**ASSIGNED TASK**
Print exactly what appears from the line containing "teal solid casual" through the final line of the data below, pictures excluded.

[[ THE DATA, beginning ]]

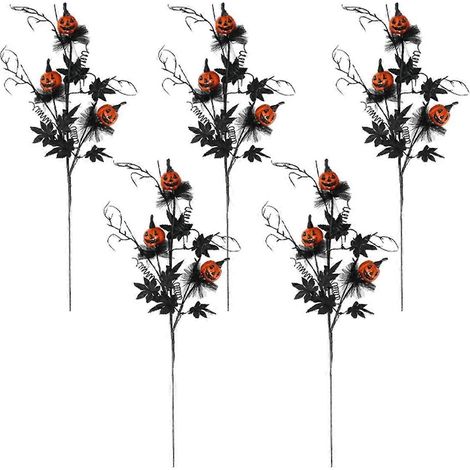 Décorations d'Halloween horrifiques, bouquet de citrouilles coupées noires, ambiance festive (1/5)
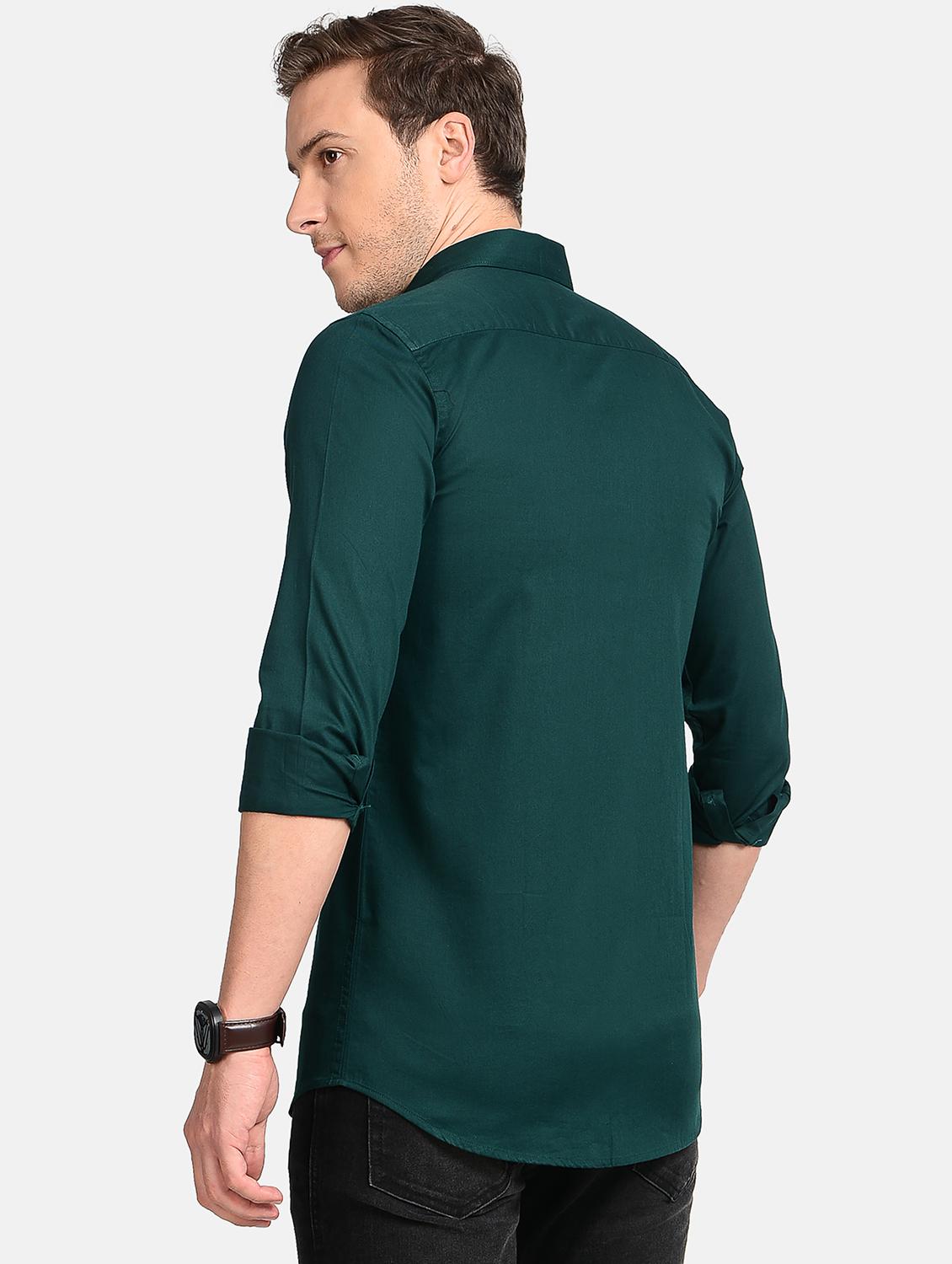 teal solid casual shirt - 17997820 - Standard Image - 3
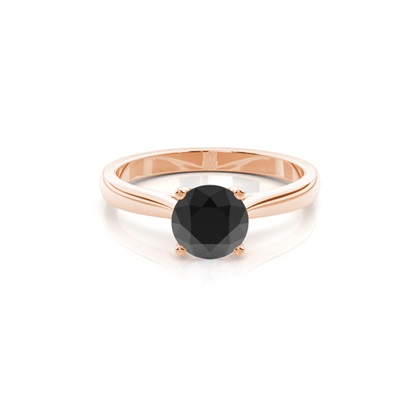 Round Black Diamond Solitaire Engagement Ring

[[ THE DATA, end ]]

**EXERCISE ANSWER**
 teal solid casual shirt - 17997820 - Standard Image - 3
 Round Black Diamond Solitaire Engagement Ring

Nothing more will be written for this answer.